▸ **About this exercise**:
What lines of the data hold the string "Leather"? Pull each one out.

▸ **Web page caption snippets**:
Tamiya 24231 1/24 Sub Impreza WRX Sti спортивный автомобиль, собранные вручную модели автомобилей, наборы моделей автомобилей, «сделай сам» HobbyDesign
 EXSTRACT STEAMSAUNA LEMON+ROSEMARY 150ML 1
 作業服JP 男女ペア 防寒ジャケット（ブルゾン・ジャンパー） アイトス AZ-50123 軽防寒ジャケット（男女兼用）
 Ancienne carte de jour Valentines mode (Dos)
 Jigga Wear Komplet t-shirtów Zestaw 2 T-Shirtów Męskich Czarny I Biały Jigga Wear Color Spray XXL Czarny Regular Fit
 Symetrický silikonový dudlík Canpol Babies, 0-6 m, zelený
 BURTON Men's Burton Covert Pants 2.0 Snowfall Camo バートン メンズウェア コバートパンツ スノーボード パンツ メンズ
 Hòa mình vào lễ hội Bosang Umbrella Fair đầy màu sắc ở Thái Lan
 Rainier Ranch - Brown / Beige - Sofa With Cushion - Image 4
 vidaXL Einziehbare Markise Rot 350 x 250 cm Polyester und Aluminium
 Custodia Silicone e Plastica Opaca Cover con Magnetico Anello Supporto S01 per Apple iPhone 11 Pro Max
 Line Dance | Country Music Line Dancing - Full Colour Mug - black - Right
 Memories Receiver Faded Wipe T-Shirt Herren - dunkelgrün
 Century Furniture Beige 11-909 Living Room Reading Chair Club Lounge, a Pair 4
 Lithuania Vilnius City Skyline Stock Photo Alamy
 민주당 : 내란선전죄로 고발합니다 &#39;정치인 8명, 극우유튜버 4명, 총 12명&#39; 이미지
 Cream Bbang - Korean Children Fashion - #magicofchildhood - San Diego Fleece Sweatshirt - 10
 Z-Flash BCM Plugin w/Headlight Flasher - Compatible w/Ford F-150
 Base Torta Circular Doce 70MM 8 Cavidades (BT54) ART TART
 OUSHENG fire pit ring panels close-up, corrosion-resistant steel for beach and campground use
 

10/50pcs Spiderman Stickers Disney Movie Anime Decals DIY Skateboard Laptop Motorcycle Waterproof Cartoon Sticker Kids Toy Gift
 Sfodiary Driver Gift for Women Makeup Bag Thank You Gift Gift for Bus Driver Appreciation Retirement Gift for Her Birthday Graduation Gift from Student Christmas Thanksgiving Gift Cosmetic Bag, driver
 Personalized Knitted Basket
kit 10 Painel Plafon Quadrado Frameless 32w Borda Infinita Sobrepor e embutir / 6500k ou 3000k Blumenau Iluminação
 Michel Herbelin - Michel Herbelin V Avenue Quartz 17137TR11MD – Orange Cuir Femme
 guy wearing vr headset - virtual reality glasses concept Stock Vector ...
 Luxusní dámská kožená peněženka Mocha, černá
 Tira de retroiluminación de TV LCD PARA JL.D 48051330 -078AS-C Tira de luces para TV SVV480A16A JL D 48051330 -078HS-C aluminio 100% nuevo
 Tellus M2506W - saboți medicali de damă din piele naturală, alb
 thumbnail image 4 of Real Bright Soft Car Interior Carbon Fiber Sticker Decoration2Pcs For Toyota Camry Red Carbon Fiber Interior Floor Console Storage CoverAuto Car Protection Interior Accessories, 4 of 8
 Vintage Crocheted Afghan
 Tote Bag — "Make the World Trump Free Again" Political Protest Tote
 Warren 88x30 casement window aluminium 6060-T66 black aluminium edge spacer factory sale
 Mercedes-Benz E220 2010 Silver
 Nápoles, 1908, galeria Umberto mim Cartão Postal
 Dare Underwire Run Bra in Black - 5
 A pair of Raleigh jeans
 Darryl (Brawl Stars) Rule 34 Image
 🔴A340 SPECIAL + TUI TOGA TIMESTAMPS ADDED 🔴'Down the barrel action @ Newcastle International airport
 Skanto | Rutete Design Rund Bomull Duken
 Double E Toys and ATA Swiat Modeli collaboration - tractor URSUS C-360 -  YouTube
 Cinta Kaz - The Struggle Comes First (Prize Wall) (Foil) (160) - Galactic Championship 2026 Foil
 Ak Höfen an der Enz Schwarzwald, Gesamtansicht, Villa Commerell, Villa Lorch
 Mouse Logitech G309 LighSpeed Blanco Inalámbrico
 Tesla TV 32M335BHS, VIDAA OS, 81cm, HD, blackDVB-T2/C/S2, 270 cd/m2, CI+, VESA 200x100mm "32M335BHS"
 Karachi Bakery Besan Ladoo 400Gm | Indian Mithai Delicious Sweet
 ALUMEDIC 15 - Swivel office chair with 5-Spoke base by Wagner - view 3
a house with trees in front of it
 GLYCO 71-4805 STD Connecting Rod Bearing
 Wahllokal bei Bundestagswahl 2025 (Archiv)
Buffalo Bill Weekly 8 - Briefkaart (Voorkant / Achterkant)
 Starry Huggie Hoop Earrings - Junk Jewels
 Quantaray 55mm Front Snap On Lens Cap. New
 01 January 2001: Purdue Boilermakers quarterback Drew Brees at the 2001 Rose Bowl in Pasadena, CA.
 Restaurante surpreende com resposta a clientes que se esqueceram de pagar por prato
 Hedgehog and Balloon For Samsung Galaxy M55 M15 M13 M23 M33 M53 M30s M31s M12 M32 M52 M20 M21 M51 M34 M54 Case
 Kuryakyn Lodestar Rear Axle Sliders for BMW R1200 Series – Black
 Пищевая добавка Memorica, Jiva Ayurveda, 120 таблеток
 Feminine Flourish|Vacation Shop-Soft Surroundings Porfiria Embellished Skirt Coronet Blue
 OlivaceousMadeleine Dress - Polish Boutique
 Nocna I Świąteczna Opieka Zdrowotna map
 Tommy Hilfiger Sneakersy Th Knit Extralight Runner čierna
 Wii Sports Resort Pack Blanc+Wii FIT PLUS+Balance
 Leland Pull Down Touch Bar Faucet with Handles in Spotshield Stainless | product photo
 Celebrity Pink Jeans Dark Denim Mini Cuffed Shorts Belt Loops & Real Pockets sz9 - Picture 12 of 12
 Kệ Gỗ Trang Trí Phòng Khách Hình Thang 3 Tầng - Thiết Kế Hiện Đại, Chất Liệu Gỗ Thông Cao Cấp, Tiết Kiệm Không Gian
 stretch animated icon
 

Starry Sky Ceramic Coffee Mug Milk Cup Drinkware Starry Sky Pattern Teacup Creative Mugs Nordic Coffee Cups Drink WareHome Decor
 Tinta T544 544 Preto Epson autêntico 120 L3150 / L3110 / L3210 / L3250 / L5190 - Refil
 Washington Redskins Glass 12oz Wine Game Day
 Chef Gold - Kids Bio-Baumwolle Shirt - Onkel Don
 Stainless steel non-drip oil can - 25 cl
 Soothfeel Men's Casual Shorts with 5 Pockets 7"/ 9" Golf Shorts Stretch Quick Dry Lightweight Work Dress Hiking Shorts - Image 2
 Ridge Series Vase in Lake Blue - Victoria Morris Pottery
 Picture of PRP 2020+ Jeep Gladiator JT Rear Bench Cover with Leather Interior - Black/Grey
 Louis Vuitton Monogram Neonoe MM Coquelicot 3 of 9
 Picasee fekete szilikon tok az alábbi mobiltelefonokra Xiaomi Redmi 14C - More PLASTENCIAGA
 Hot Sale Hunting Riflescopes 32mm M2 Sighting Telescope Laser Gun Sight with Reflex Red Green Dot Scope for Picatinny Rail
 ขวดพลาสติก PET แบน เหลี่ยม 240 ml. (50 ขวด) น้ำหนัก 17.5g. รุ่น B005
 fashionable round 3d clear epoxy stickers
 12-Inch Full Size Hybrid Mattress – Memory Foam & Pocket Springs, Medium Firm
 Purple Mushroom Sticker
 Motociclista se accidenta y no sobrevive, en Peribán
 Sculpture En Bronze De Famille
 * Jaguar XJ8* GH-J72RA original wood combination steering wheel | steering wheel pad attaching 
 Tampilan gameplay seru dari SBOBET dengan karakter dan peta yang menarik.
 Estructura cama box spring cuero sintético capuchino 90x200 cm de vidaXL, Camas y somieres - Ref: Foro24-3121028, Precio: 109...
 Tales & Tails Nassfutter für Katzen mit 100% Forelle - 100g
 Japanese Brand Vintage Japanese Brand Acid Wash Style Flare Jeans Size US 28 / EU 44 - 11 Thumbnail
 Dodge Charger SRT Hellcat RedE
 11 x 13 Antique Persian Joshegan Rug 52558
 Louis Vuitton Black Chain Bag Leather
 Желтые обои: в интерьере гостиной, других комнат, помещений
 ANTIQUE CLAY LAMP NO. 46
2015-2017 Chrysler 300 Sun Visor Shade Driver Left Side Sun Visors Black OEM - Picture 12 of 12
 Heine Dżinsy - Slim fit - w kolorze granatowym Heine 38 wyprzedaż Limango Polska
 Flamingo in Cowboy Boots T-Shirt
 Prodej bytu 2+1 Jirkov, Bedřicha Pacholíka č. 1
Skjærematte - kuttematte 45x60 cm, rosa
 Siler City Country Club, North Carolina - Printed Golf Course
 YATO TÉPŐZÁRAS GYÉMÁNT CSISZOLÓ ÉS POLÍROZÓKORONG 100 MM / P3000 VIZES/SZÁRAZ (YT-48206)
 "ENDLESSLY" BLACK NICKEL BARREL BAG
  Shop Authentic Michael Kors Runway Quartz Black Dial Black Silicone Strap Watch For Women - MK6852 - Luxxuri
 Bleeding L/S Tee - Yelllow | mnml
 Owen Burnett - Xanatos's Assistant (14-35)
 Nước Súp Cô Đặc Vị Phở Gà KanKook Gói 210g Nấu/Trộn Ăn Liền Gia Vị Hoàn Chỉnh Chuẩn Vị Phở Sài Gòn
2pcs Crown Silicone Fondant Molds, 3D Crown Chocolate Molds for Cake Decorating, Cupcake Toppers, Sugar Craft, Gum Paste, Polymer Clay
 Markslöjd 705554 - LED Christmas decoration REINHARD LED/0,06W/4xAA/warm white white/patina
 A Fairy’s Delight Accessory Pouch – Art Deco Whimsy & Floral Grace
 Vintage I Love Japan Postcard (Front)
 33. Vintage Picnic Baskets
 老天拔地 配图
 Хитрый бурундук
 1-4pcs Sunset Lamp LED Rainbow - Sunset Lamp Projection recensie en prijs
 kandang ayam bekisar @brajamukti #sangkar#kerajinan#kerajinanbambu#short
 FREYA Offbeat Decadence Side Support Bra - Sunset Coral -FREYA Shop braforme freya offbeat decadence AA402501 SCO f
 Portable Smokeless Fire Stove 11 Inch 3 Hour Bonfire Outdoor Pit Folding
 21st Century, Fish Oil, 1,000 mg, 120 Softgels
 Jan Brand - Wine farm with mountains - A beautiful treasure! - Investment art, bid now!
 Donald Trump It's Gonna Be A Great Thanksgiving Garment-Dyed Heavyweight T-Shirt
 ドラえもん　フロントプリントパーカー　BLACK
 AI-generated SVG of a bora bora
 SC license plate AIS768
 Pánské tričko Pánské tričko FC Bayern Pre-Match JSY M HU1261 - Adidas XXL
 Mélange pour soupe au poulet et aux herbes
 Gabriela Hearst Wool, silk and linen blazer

▸ **Answer to this task**:
 Picture of PRP 2020+ Jeep Gladiator JT Rear Bench Cover with Leather Interior - Black/Grey
 Louis Vuitton Black Chain Bag Leather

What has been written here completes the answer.